> COLLECTED DATA:
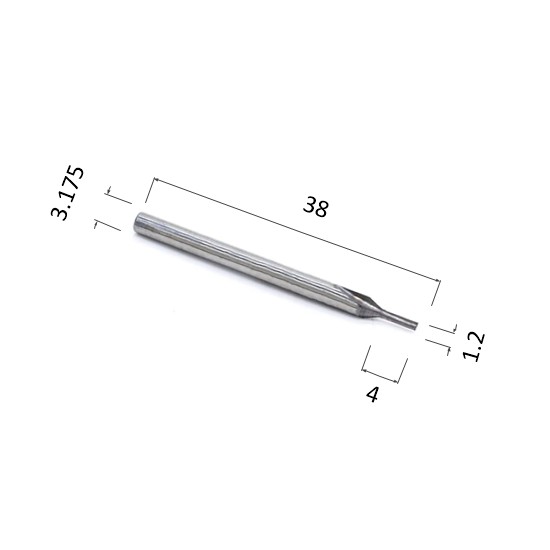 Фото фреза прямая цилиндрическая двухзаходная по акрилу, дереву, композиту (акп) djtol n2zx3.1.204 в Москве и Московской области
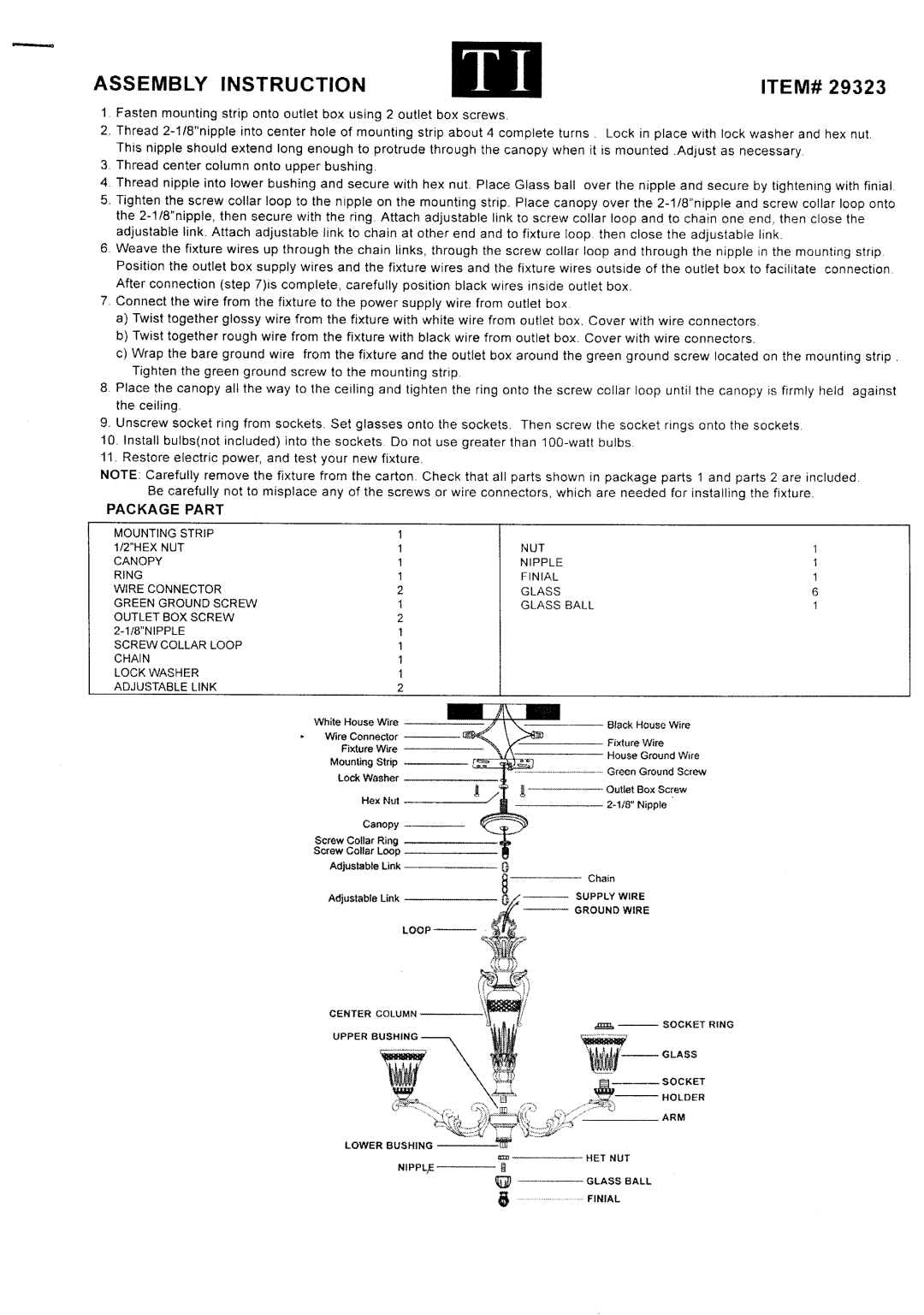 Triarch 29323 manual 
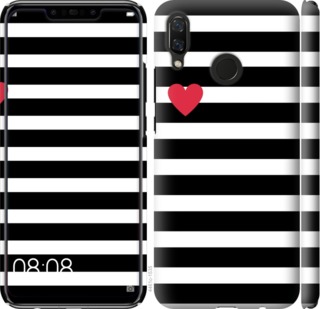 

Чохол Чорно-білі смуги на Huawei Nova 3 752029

> EXERCISE BRIEF: Every line of the data above is to be set down word for word, with the pictures left out.

> TASK SOLUTION:
 Фото фреза прямая цилиндрическая двухзаходная по акрилу, дереву, композиту (акп) djtol n2zx3.1.204 в Москве и Московской области
 Triarch 29323 manual 

Чохол Чорно-білі смуги на Huawei Nova 3 752029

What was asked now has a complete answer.